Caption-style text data

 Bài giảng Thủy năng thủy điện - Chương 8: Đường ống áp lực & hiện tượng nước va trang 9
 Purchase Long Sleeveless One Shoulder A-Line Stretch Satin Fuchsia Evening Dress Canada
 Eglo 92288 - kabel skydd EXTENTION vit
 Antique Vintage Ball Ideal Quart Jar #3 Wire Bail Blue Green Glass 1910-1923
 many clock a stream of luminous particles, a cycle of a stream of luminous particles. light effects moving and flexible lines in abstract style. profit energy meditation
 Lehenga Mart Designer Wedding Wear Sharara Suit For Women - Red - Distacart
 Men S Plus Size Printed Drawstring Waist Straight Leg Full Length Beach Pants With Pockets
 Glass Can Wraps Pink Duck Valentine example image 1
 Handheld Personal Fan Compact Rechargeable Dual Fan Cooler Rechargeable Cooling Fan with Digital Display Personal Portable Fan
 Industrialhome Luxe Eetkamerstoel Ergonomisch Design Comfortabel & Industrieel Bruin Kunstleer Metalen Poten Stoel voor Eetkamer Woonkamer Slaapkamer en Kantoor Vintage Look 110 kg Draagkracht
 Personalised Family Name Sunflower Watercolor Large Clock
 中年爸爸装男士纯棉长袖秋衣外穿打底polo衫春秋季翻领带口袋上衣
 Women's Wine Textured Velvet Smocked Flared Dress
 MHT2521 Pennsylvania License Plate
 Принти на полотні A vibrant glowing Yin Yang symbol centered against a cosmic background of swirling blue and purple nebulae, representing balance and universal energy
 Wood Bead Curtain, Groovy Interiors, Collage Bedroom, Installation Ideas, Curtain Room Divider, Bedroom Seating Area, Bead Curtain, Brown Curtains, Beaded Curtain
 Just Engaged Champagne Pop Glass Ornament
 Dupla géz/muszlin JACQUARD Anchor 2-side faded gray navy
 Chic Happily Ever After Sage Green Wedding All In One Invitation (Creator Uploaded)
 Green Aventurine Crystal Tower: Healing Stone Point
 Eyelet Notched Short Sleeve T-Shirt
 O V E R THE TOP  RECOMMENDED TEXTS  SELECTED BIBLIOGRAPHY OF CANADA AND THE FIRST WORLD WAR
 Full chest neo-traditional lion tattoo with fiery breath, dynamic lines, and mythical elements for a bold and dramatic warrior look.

• **To do**: Look above for the line holding "Industrialhome Luxe Eetkamerstoel". Print it and every line after it, exactly, through the line holding "MHT2521 Pennsylvania License Plate".

• **Response box**:
 Industrialhome Luxe Eetkamerstoel Ergonomisch Design Comfortabel & Industrieel Bruin Kunstleer Metalen Poten Stoel voor Eetkamer Woonkamer Slaapkamer en Kantoor Vintage Look 110 kg Draagkracht
 Personalised Family Name Sunflower Watercolor Large Clock
 中年爸爸装男士纯棉长袖秋衣外穿打底polo衫春秋季翻领带口袋上衣
 Women's Wine Textured Velvet Smocked Flared Dress
 MHT2521 Pennsylvania License Plate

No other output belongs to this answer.